Why hasn’t this guy been deported yet?
A friend’s Irish father became an American by serving in the Marines, joining before he was a citizen. I hope the little guy doesn’t let the brainwashing affect him his whole life.
If the Irishman was already a legal resident but not a citizen, he was allowed to join the Marines. He did not HAVE to join the Marines to become a citizen.
But lacking status as a legal resident in the first place, he could not have joined the Marines. No Irishman in Dublin can go to the US Embassy and ask to enlist. He would have to first go to the immigration window and apply there.
Neither can this Mexican we are discussing. If he were to go back to Mexico he would be unable to enlist until he has waited his time in the immigration queues and his number comes up, probably by the time he’s 40. Or older.

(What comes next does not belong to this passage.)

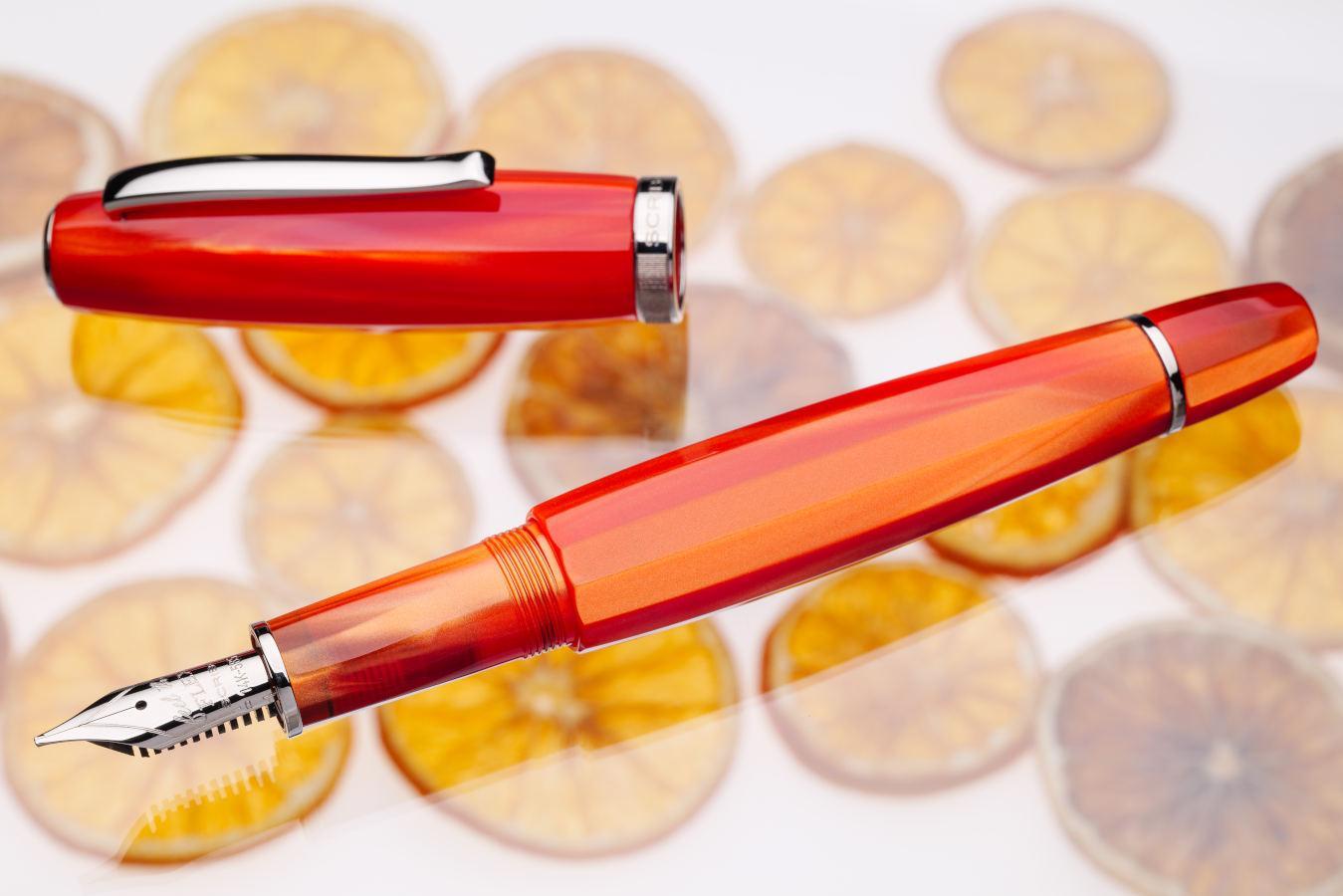 SCRIBO FEEL Dolma Kalem - Arancia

The Filipinos who were permitted to enlist in the US Navy up to the late 1970’s could apply at the base at Subic, even if they had no immigration status, at which point they were granted immigration status. But this policy was, even at the time, restricted to Filipinos, and a rather small number of them (a couple of hundred a year I think). No Irish could have applied even back then. There has been no open recruitment into the US military since the immigration restrictions of the 1920’s.
I’d ask his father for more details on this, but he’s in Marine Heaven now. I didn’t say he had to join the Marines to become a citizen, only that that was how he became one. He already was indeed a resident. Whether he was a legal one or not, I don’t know, but I suspect he was here legally, considering his respect for this country.